#### DATA PROVIDED ####

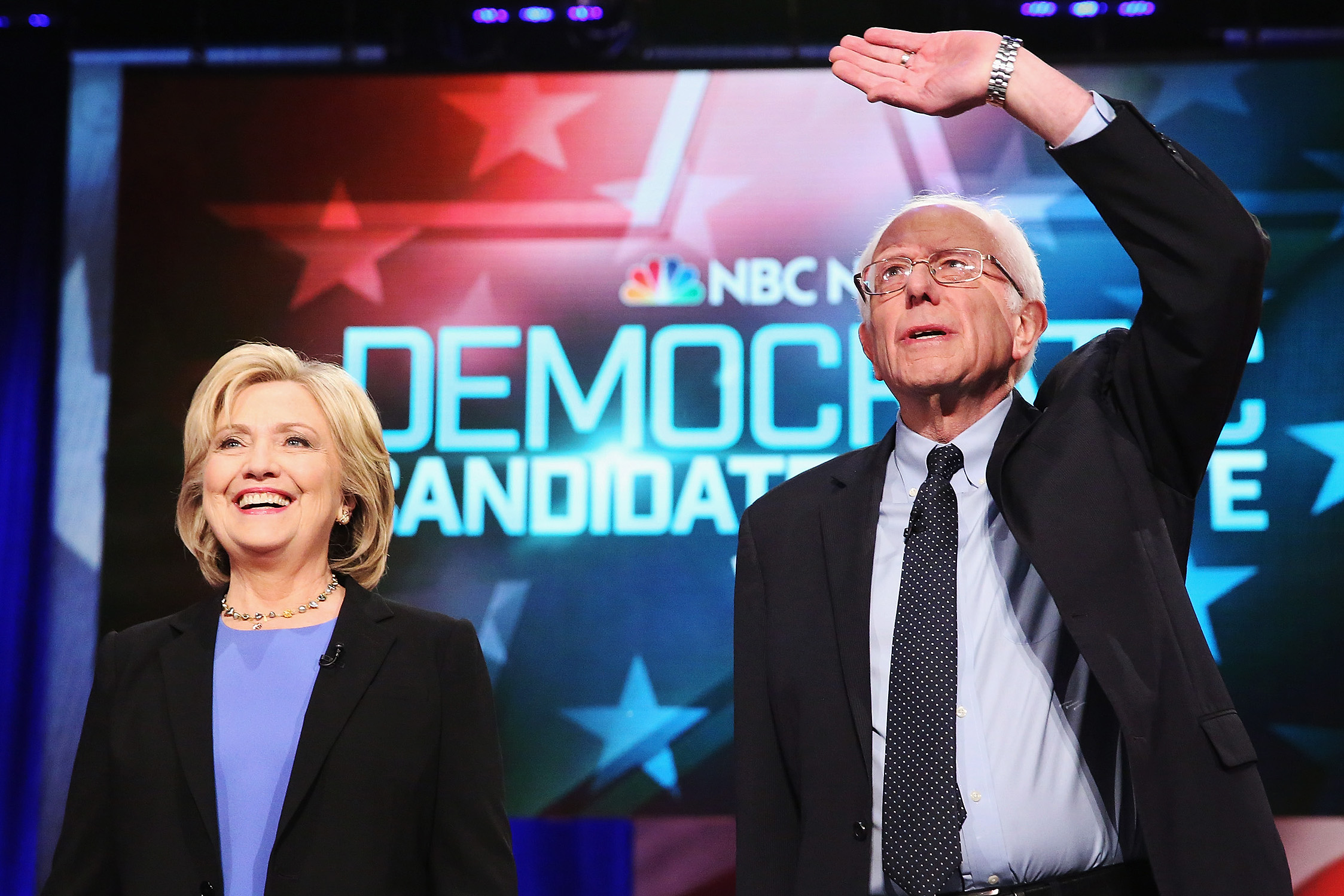 Democratic presidential candidates Hillary Clinton and Sen. Bernie Sanders, I-VT, participate in a Democratic debate on Jan. 17, 2016 in Charleston, S.C.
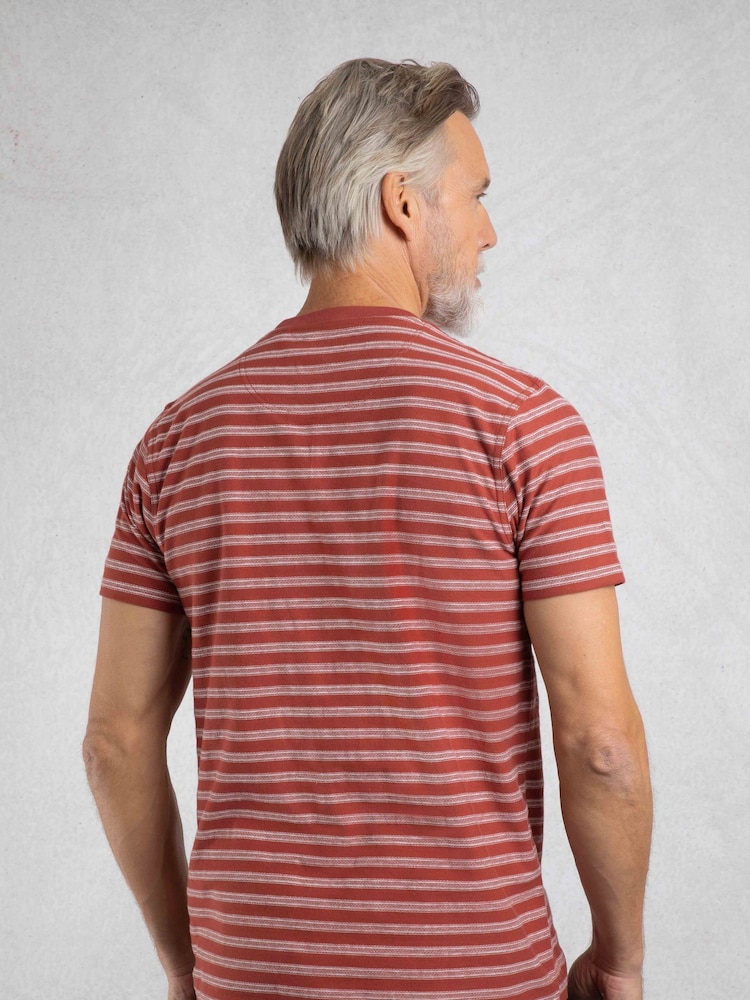 Weird Fish Red Steve Textured Stripe T-Shirt - Image 2 of 6 Weird Fish Red Steve Textured Stripe T-Shirt - Image 2 of 6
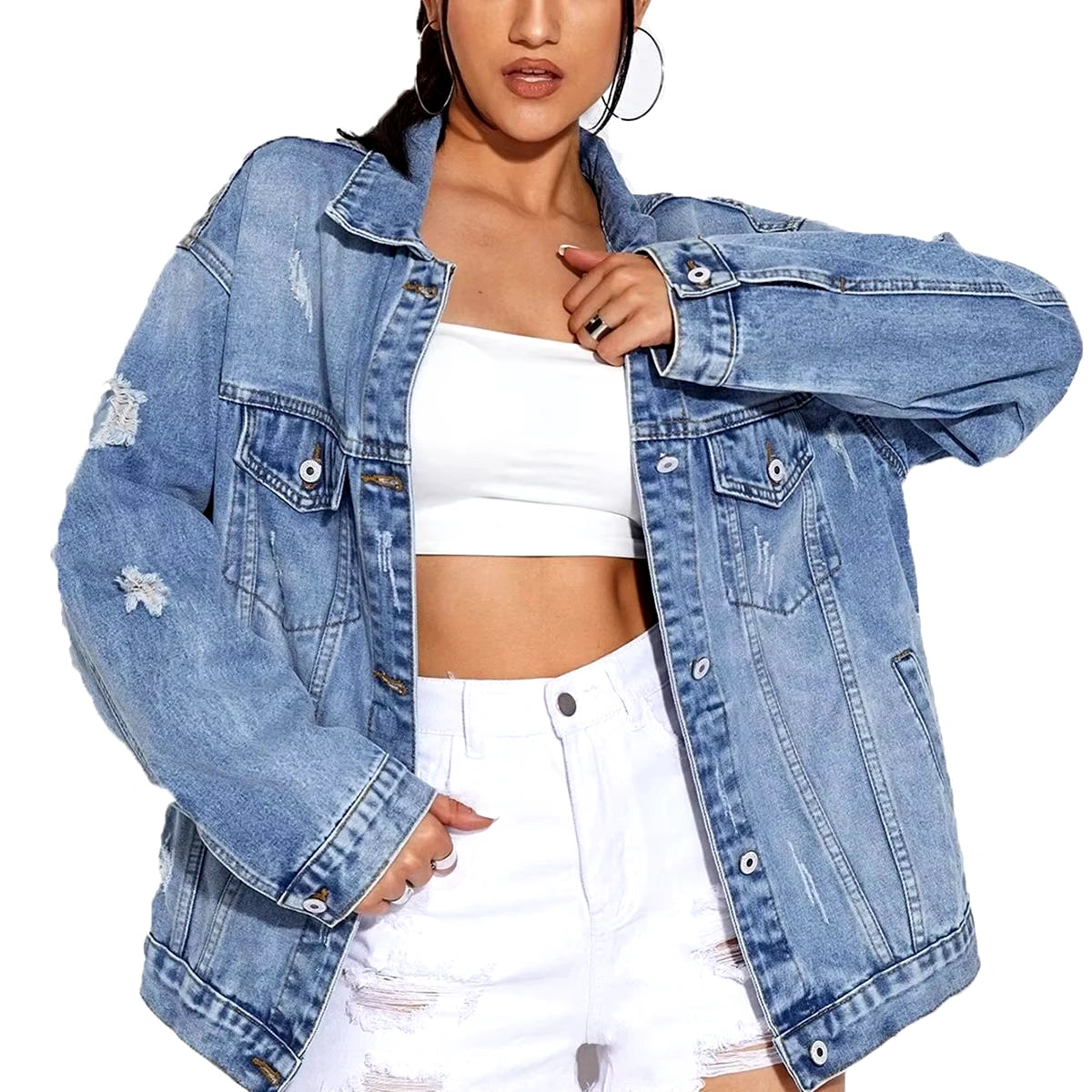 Women's Torn Denim Jacket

####

▶ **WHAT YOU ARE ASKED TO DO**:
Set down the complete material exactly, but do not include the images.

▶ **REPLY**:
 Democratic presidential candidates Hillary Clinton and Sen. Bernie Sanders, I-VT, participate in a Democratic debate on Jan. 17, 2016 in Charleston, S.C.
 Weird Fish Red Steve Textured Stripe T-Shirt - Image 2 of 6 Weird Fish Red Steve Textured Stripe T-Shirt - Image 2 of 6
 Women's Torn Denim Jacket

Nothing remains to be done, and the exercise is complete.